_EXERCISE REQUIREMENTS_
Retype the lines from the first one in the records down to the line containing "Real shot, summer", counting both, and leave out any pictures.

Image-text web data:
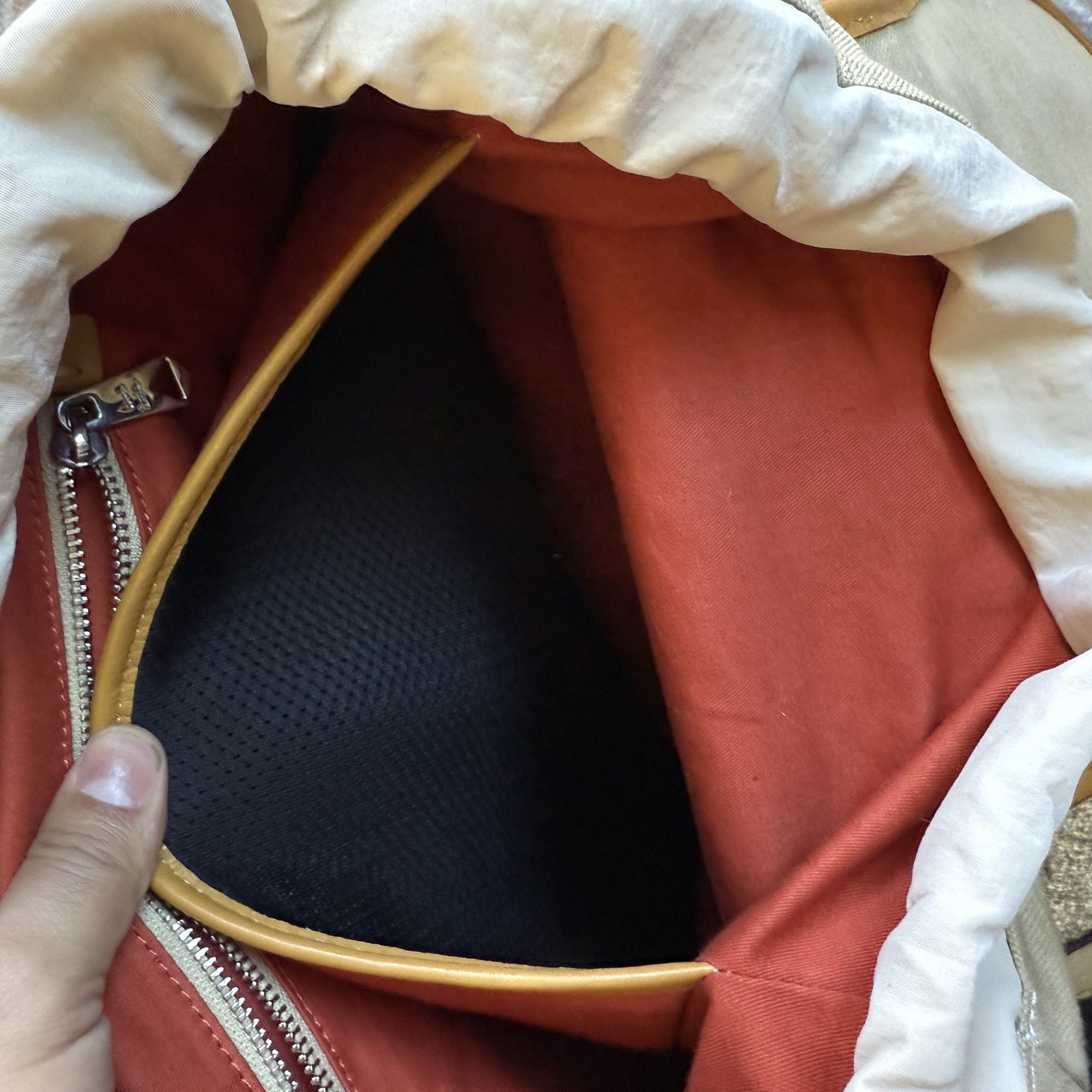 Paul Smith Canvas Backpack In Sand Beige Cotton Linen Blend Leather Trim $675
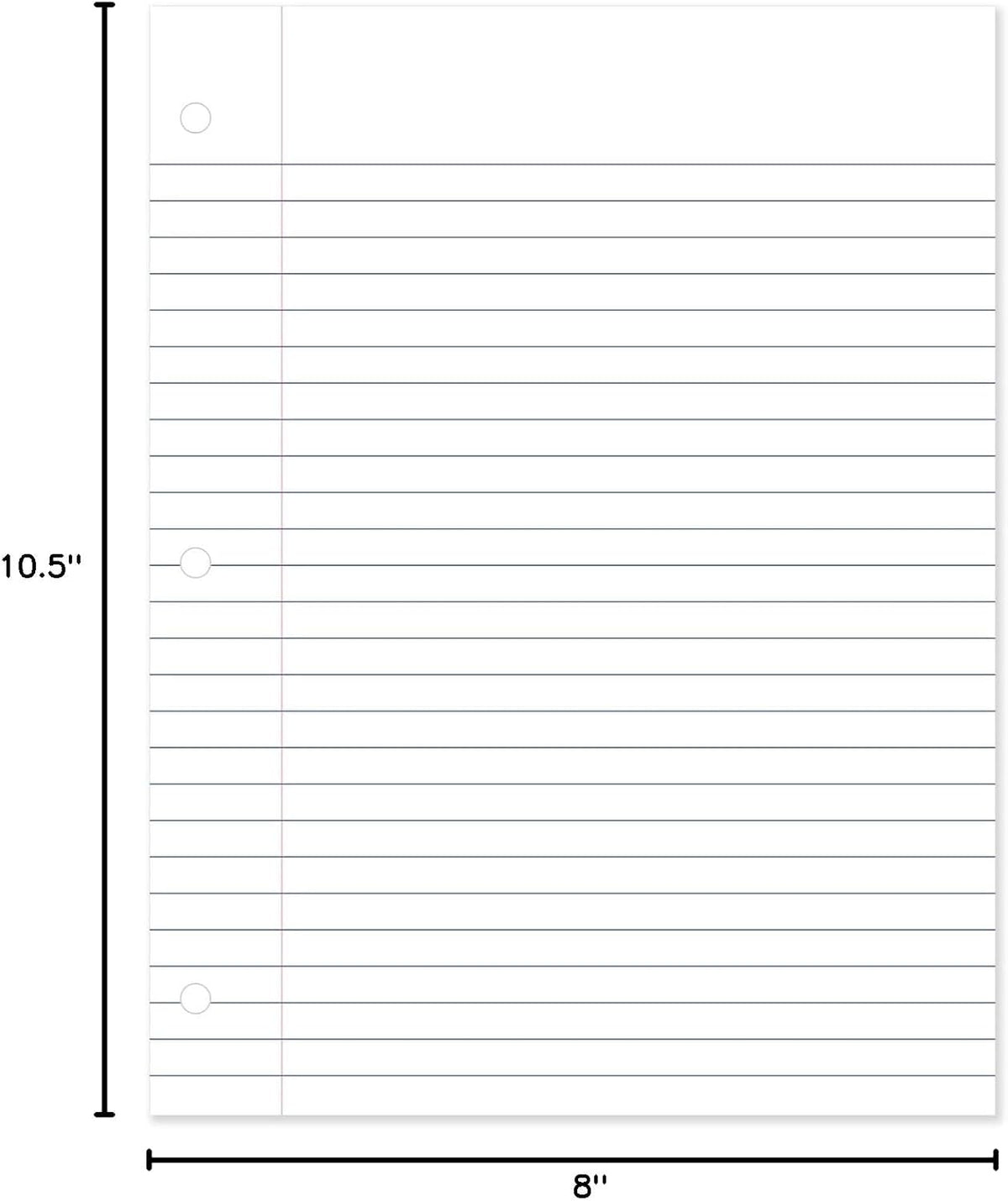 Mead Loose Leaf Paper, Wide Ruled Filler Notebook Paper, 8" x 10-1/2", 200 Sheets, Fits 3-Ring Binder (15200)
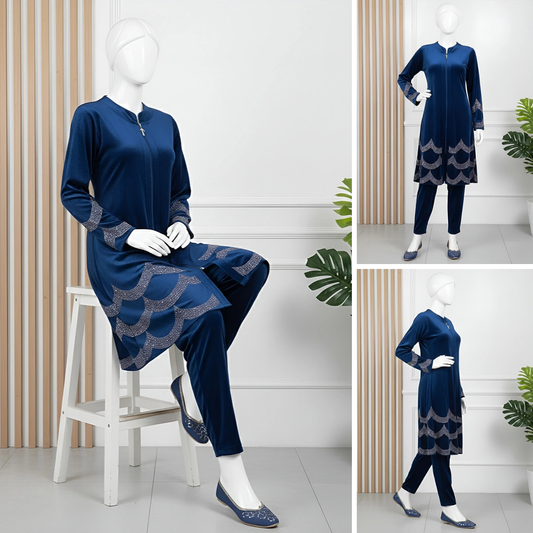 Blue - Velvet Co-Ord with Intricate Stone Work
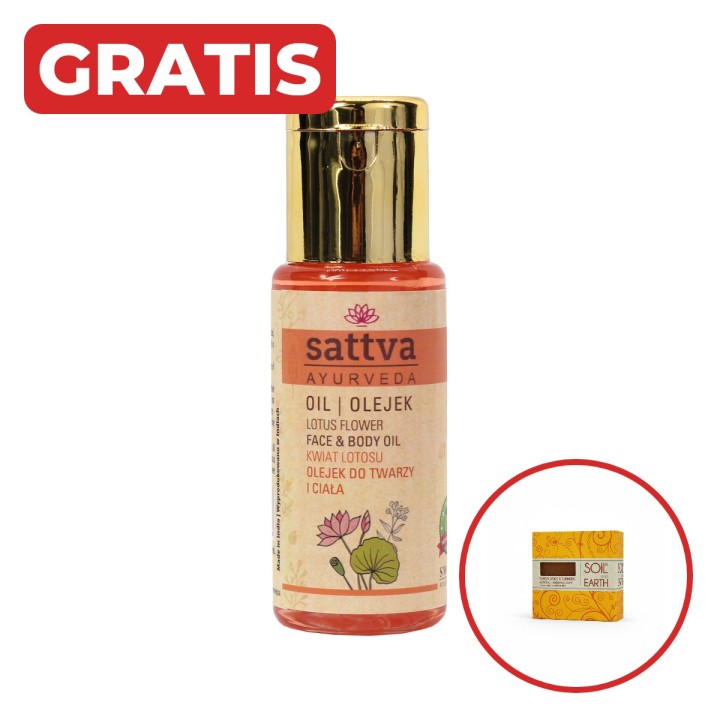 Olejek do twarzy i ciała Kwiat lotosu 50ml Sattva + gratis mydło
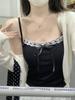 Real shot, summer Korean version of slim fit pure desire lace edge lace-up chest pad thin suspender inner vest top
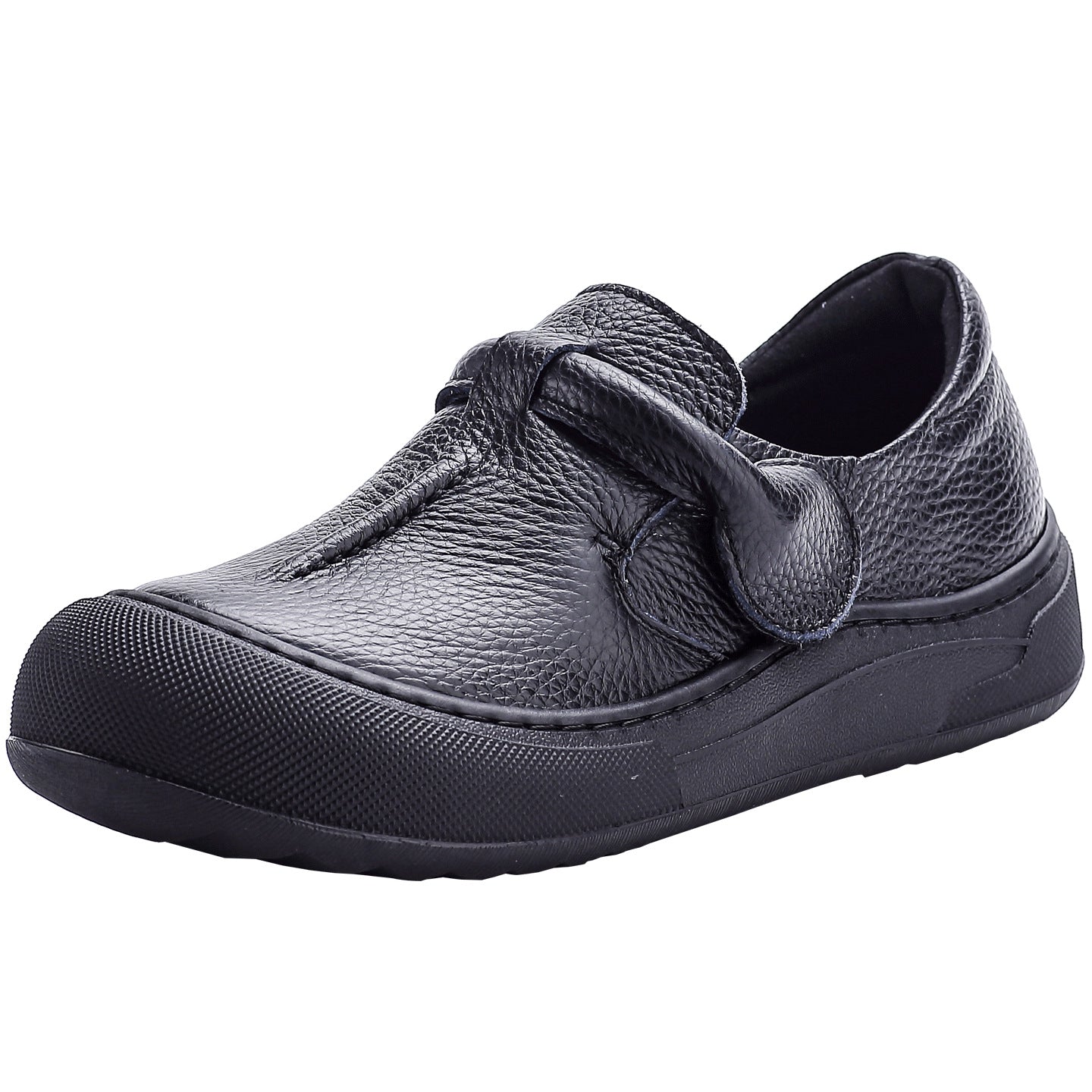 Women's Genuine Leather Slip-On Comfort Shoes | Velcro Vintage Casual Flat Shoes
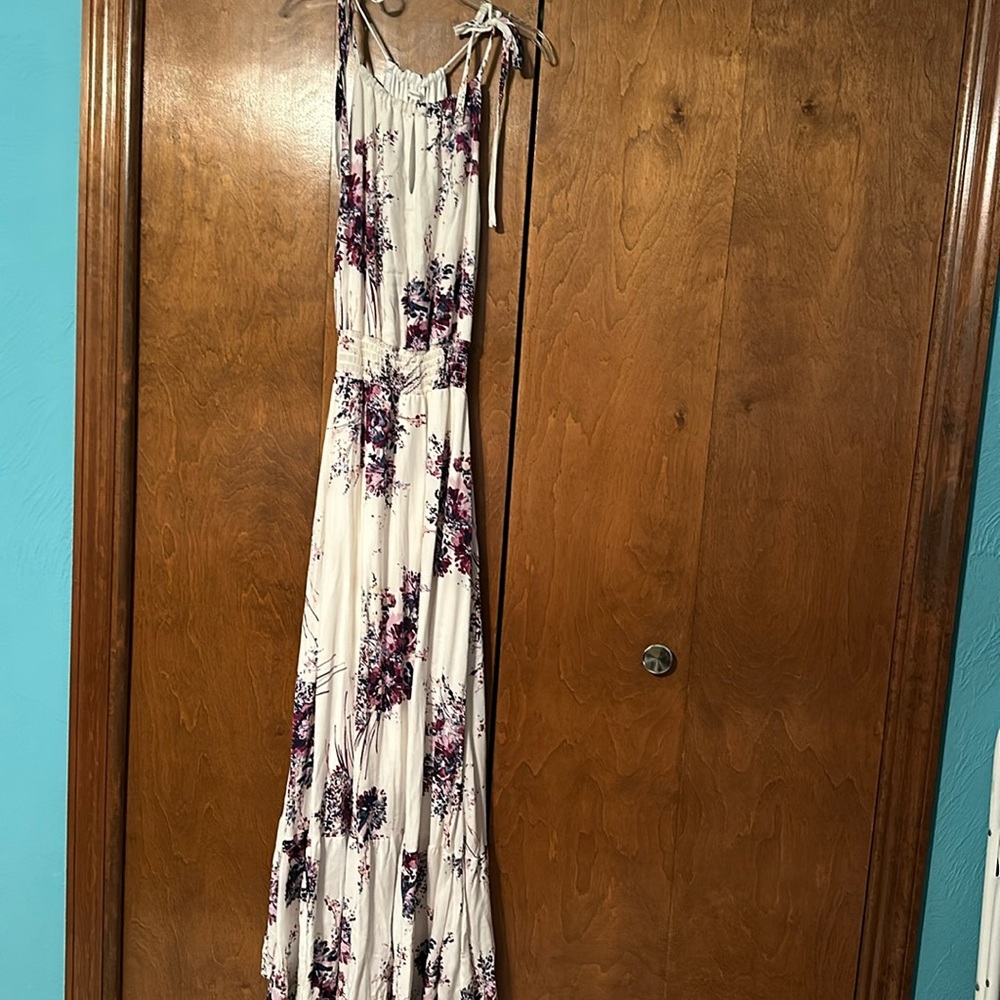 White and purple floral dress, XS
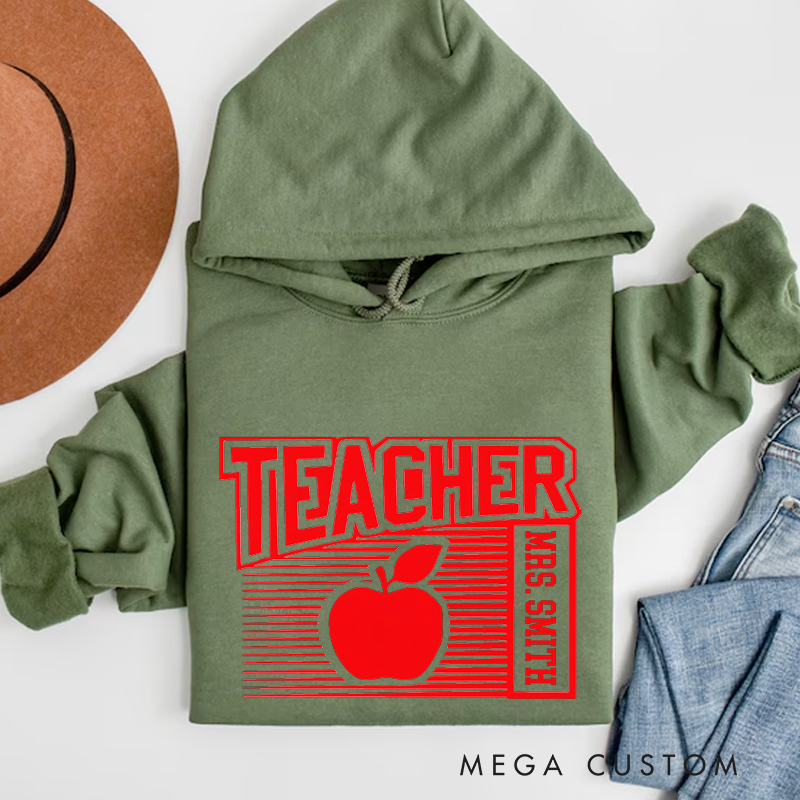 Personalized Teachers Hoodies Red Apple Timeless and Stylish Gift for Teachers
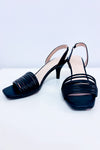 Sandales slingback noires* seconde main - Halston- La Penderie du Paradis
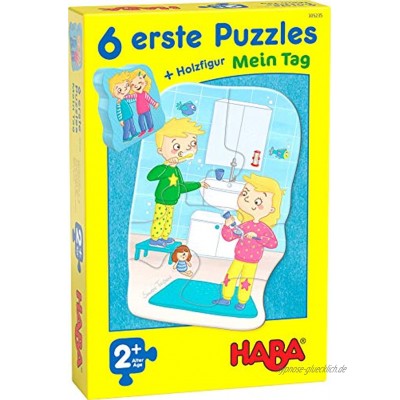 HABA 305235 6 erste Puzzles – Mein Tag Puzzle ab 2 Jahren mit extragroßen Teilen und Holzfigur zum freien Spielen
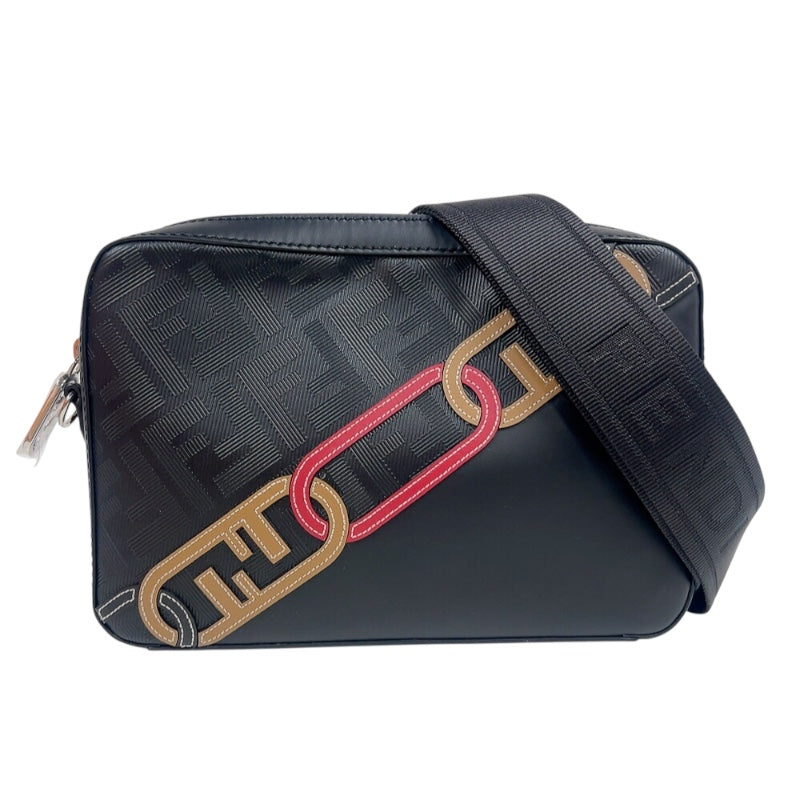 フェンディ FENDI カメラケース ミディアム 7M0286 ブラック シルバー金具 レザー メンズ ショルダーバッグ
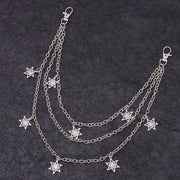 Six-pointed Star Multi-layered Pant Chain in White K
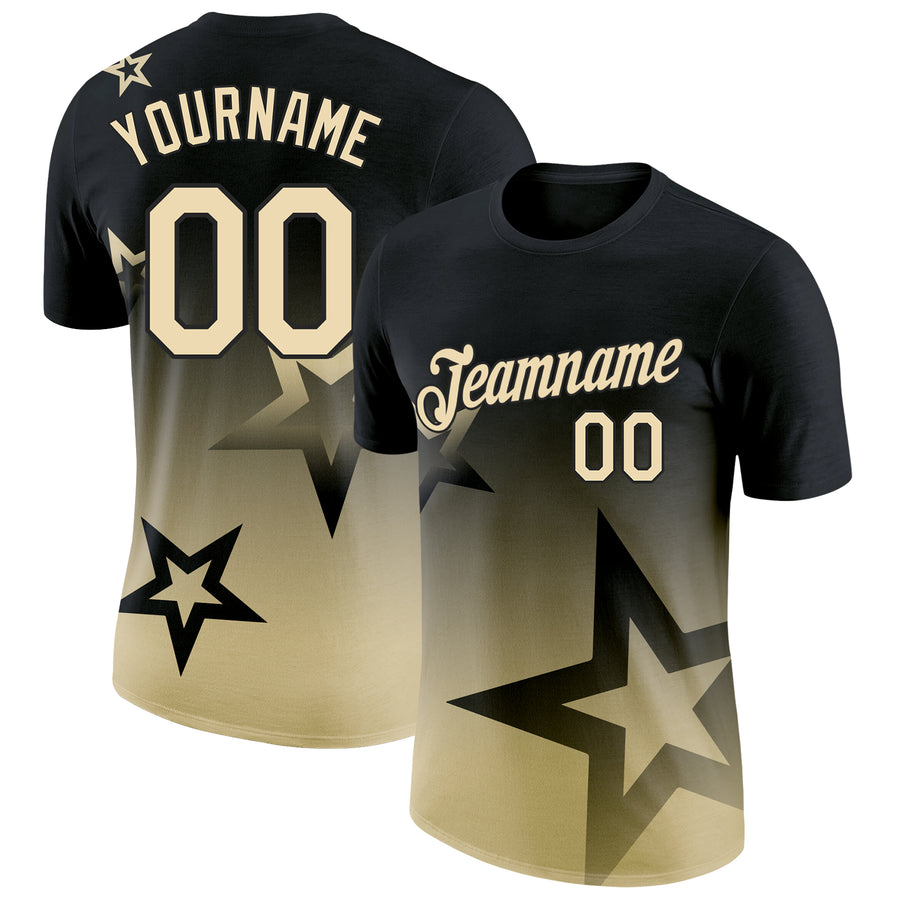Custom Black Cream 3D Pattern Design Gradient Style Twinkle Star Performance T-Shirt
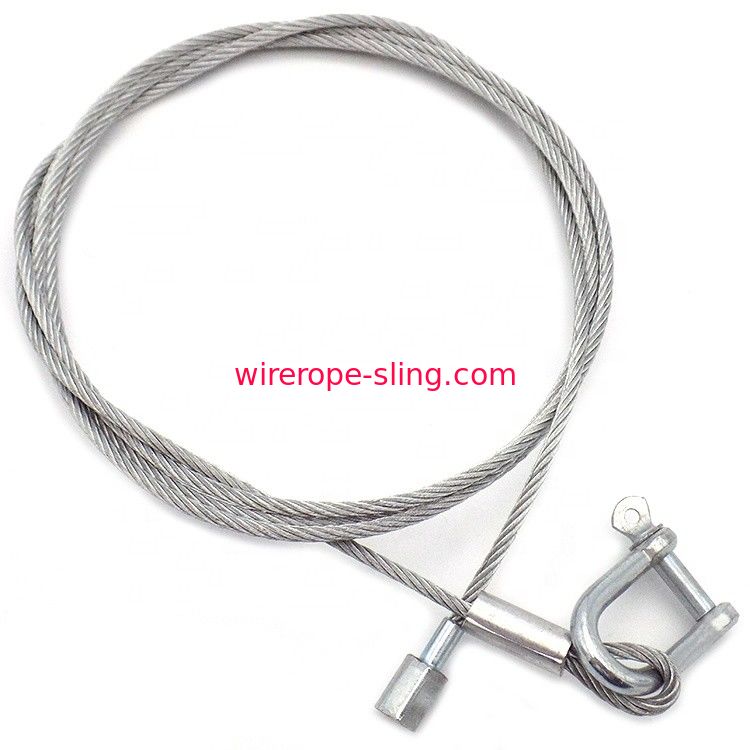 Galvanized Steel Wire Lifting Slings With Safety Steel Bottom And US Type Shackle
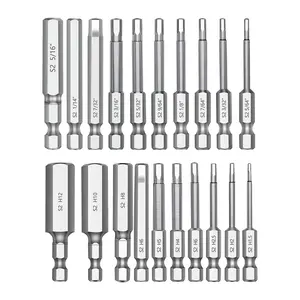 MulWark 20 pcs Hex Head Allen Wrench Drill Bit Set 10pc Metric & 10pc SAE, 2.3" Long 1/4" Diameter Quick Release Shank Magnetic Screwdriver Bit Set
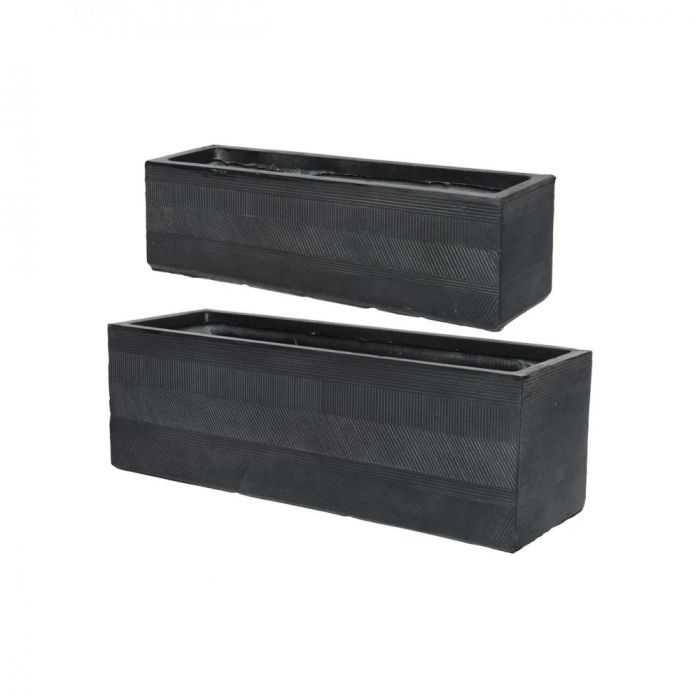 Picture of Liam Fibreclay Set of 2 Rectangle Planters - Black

_WORKED SOLUTION_
 Paul Smith Canvas Backpack In Sand Beige Cotton Linen Blend Leather Trim $675
 Mead Loose Leaf Paper, Wide Ruled Filler Notebook Paper, 8" x 10-1/2", 200 Sheets, Fits 3-Ring Binder (15200)
 Blue - Velvet Co-Ord with Intricate Stone Work
 Olejek do twarzy i ciała Kwiat lotosu 50ml Sattva + gratis mydło
 Real shot, summer Korean version of slim fit pure desire lace edge lace-up chest pad thin suspender inner vest top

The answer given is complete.